DATA EXTRACT »
──────────────────────────────
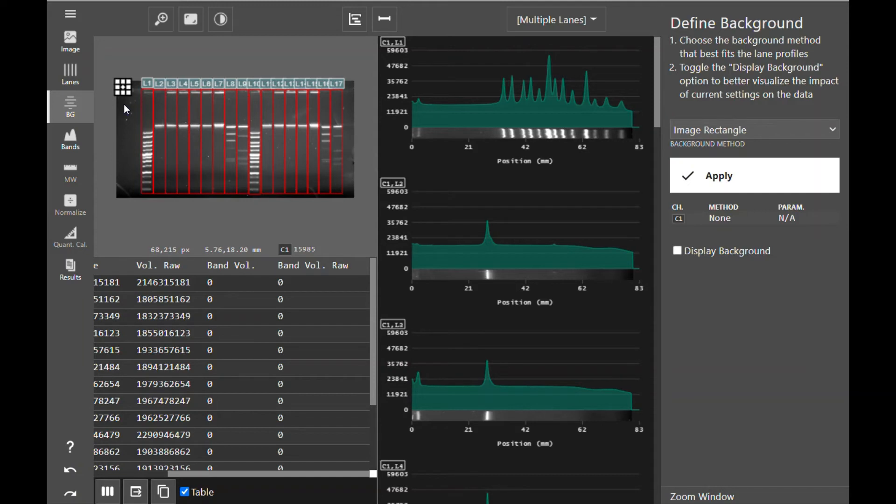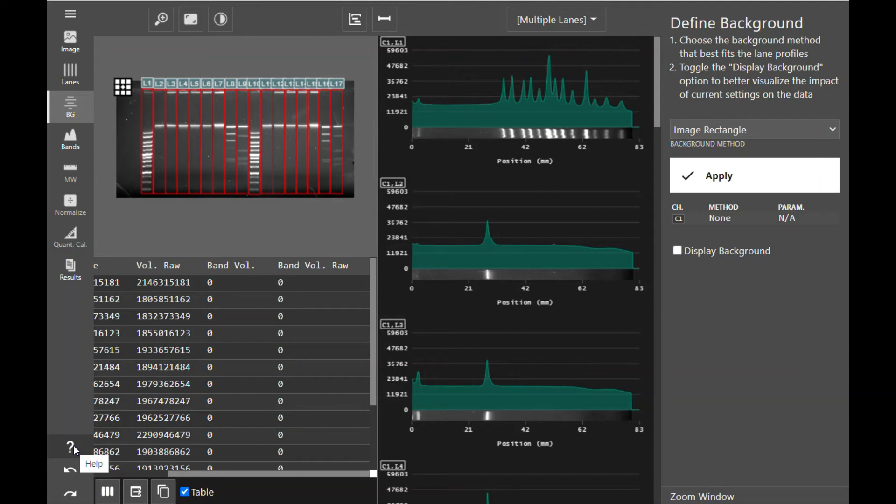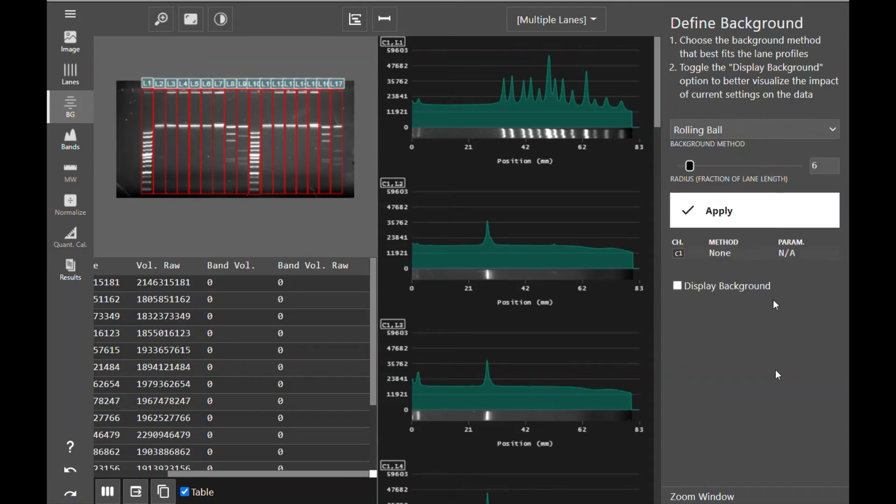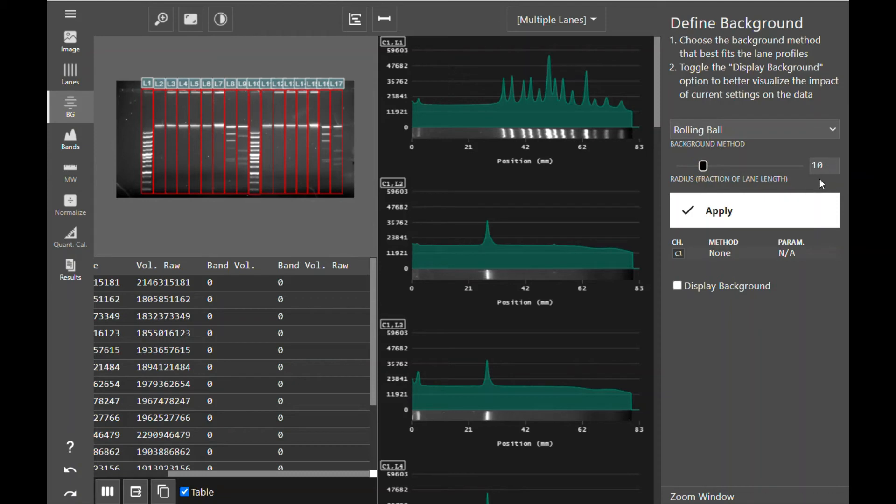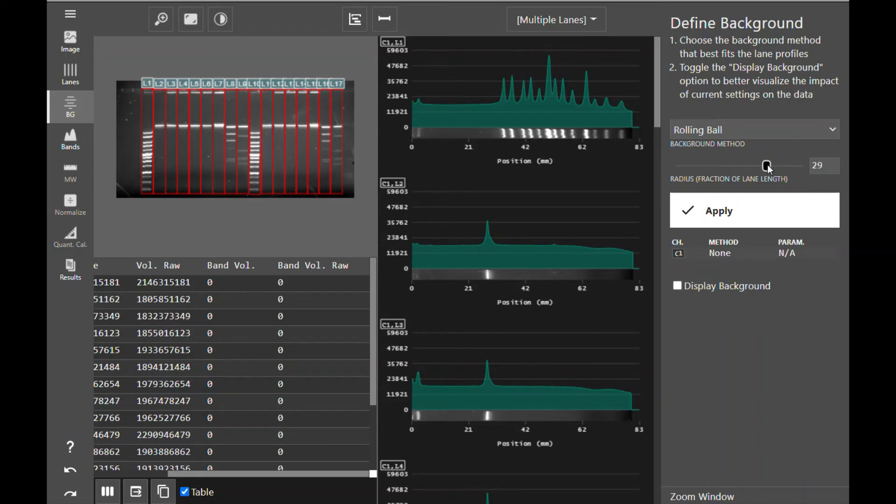If you need more explanation on the different background types or more information about background subtraction, click the help button to open the background definition section of the Azure Spot Pro manual. For this image, I'm going to use rolling ball as my background subtraction method. With rolling ball, you can adjust the radius of the ball with this slider or by entering a number here. The radius number displayed is actually a fraction of the lane length. So a larger number is going to be a smaller ball because it is a smaller fraction of the lane length, whereas a smaller number is going to be a larger ball because it is a larger fraction of the lane length.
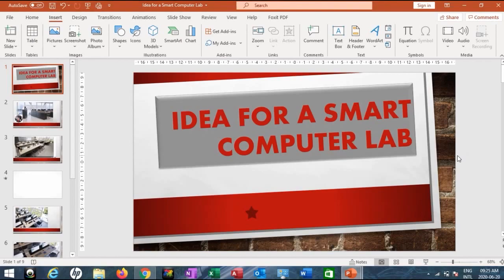Hello everyone. How are you doing? In this video, I'm going to show you how to work with several tools in Microsoft PowerPoint.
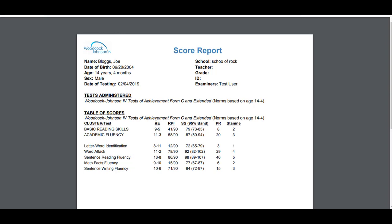AE is age equivalent. So letter word identification, 8 years, 11 months. The RPI, the relative proficiency index, is 12 out of 90. The standard score is 72, 95% confidence band, the percentile rank, and the stanine.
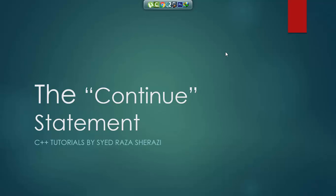Bismillahirrahmanirrahim. In my C++ complete series with programs examples, this is lecture number 15. In this video I am going to teach you the continue statement.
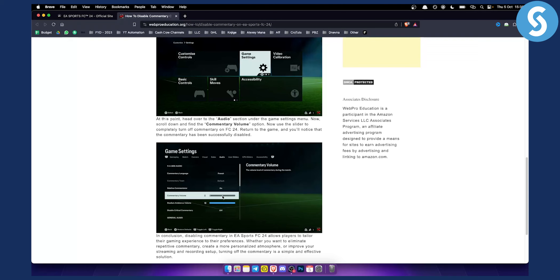So just slide down on the music section and you will be able to go and find the music and then just turn off the music in EA FC 24.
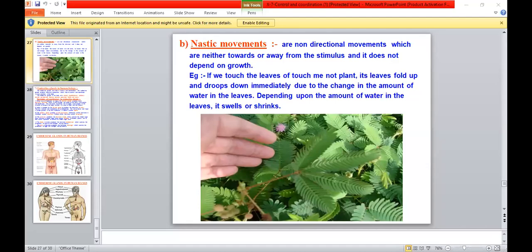Last time we did tropism movements. In today's class, we will do nastic movements. How are they different? We saw the differences in the last class. Nastic movements are non-directional — non-directional means it does not move specifically away from or towards a stimulus like gravity or light. It can move in any direction. Neither is it moving away from the stimulus nor towards the stimulus. That is the first difference.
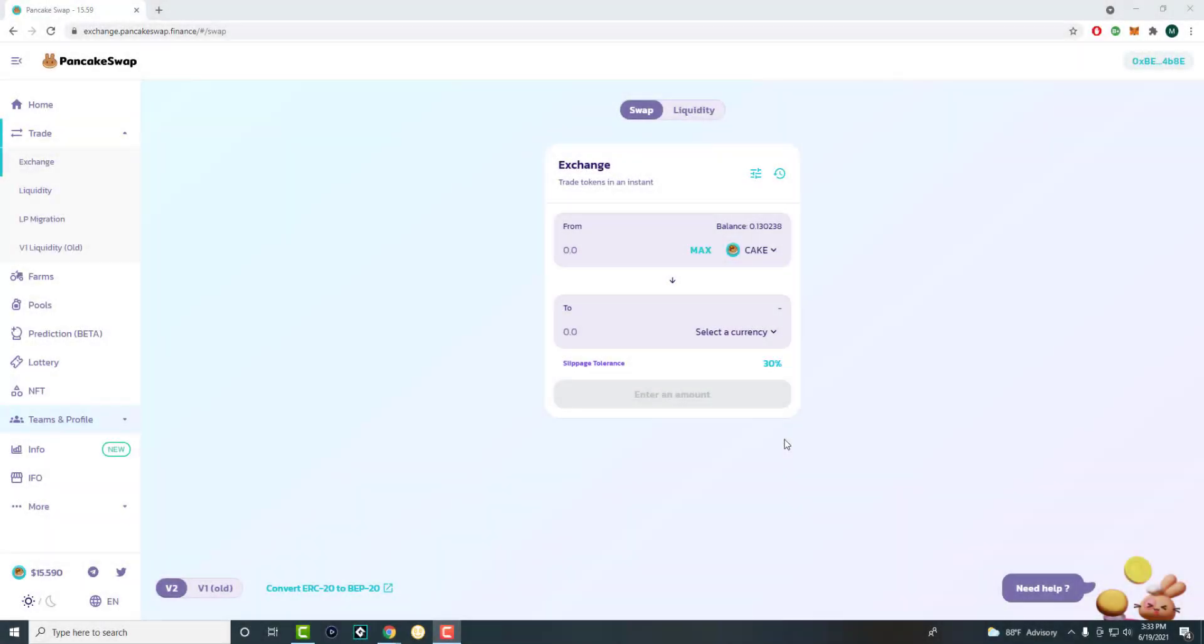What is up everyone? This is Moe Crypto here and today I'm going to show you how to put money and earn a lot of money in PancakeSwap pools. So let's get started.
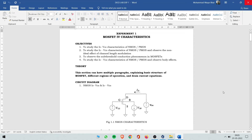Hello guys, we'll be starting today our experiments using Virtuoso Cadence. Starting today we'll be doing our first experiment which is the MOSFET characteristics, where we'll study both NMOS and PMOS one by one. In this video, first we'll create a new library in Virtuoso Cadence and then start doing experiments. Today I'll be showing the Id versus Vds characteristics of an NMOS.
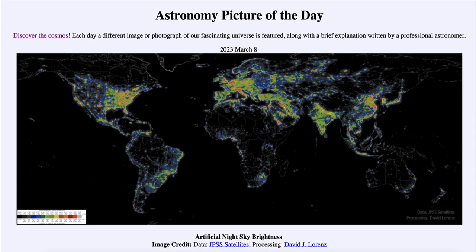Greetings and welcome to the introduction to astronomy. One of the things that I like to do in each of my introductory astronomy classes is to begin with the astronomy picture of the day from the NASA website — that is apod.nasa.gov/apod. Today's picture for March 8th of 2023 is titled 'Artificial Night Sky Brightness.'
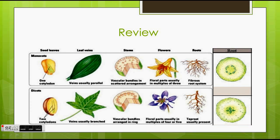The roots of monocots also have the xylem and the phloem more scattered and spread out, not in a certain uniform arrangement. While in the dicots, it makes the plus or the X shape.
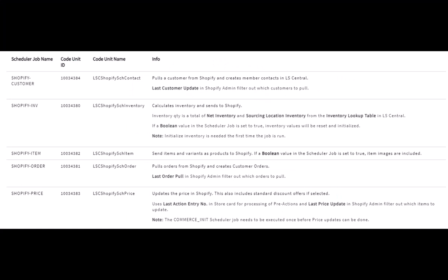When polling and updating data to and from Shopify, use the Alicentral schedule jobs. On screen you can see these jobs — they can also be found in the online help. These jobs include Shopify Customer, which polls a customer from Shopify and creates member contacts in Alicentral, and Shopify Inventory, which calculates the inventory and sends it to Shopify.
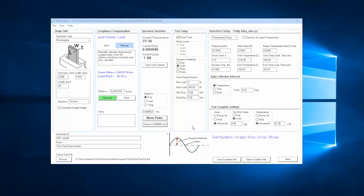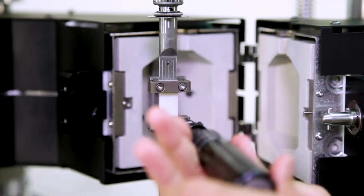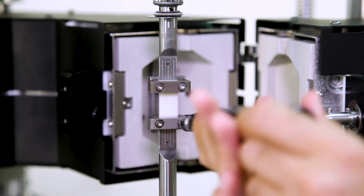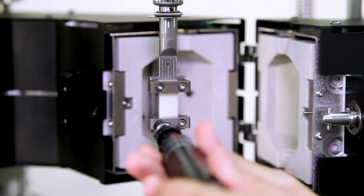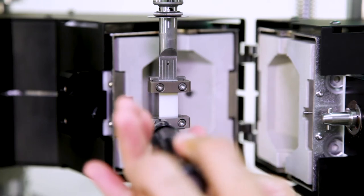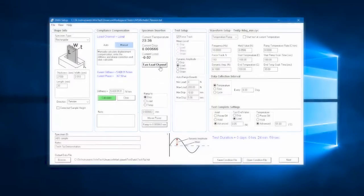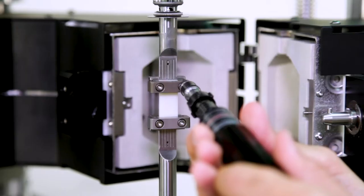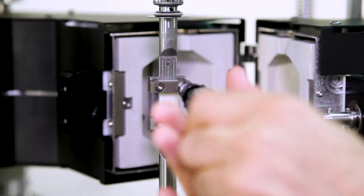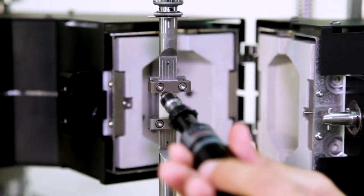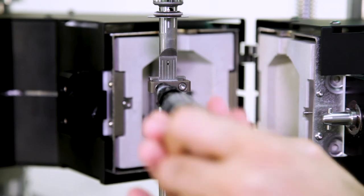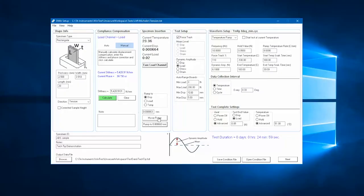To make sure we correctly eliminate this clamping load artifact, we can mount the sample onto the lower fixture first, tare the weight of the sample, tighten the upper clamp, followed by commanding a small tensile load.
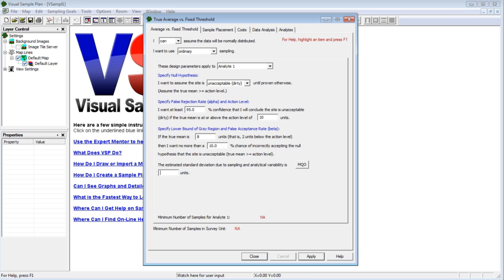The final piece of information needed is an estimate of how variable you expect the sample data to be. This is often the hardest piece of evidence to acquire before doing the sampling. The standard deviation is a measure of variability of the sample data. It could be obtained from historical records, or from a site similar to your study site. It may prove necessary to conduct a small pilot study to determine the sampling standard deviation of the contaminant on the site. I'll say we have sample data from a similar site, and it shows a standard deviation of 3.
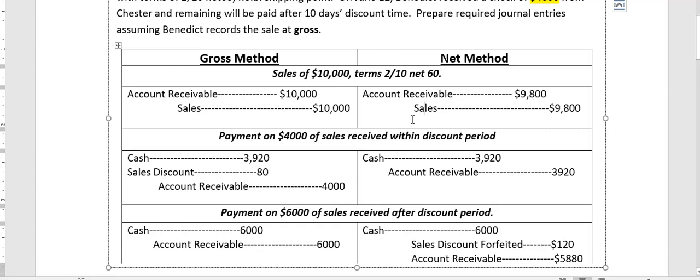Ladies and gentlemen, this is how you record the gross and net methods for cash discounts. I hope you got the point — we will also discuss this further in class. Thank you very much, stay safe.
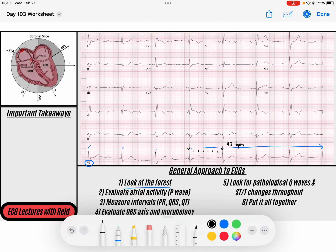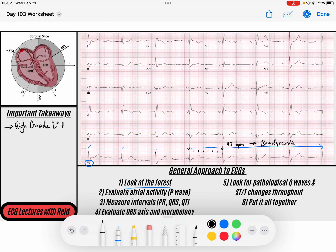We have a pretty significant bradycardia. When you see 43 beats per minute, I want you to think about something. This is not a 55 beats per minute bradycardia - 43 beats per minute is really not common for the SA node unless it is incredibly sick. So when you see bradycardia this severe, I want you to think of either a high-grade second degree block, where you have like two-to-one or three-to-one conduction.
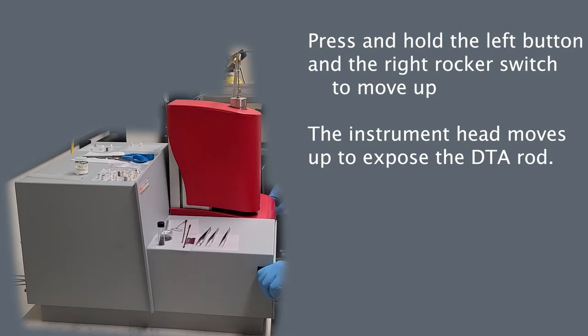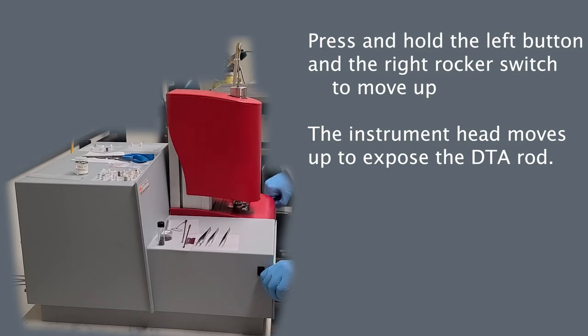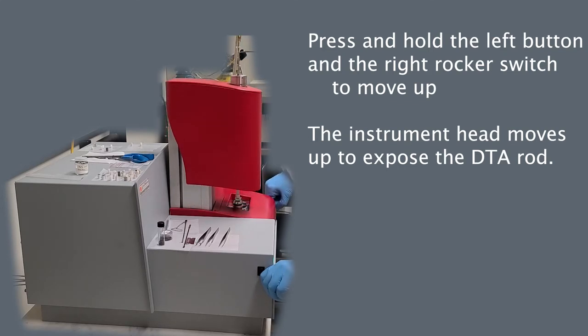The first step is to open the head assembly by pressing the left button and using the right side rocker switch to move the assembly up or down.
──────────────────────────────
EXERCISE »
Taking the entries above, extract every line from the one bearing "To make sure" through the one bearing "Ladies and gentlemen, this", exactly, with no pictures.

COMPLETED EXERCISE »
To make sure we correctly eliminate this clamping load artifact, we can mount the sample onto the lower fixture first, tare the weight of the sample, tighten the upper clamp, followed by commanding a small tensile load.
The final piece of information needed is an estimate of how variable you expect the sample data to be. This is often the hardest piece of evidence to acquire before doing the sampling. The standard deviation is a measure of variability of the sample data. It could be obtained from historical records, or from a site similar to your study site. It may prove necessary to conduct a small pilot study to determine the sampling standard deviation of the contaminant on the site. I'll say we have sample data from a similar site, and it shows a standard deviation of 3.
Ladies and gentlemen, this is how you record the gross and net methods for cash discounts. I hope you got the point — we will also discuss this further in class. Thank you very much, stay safe.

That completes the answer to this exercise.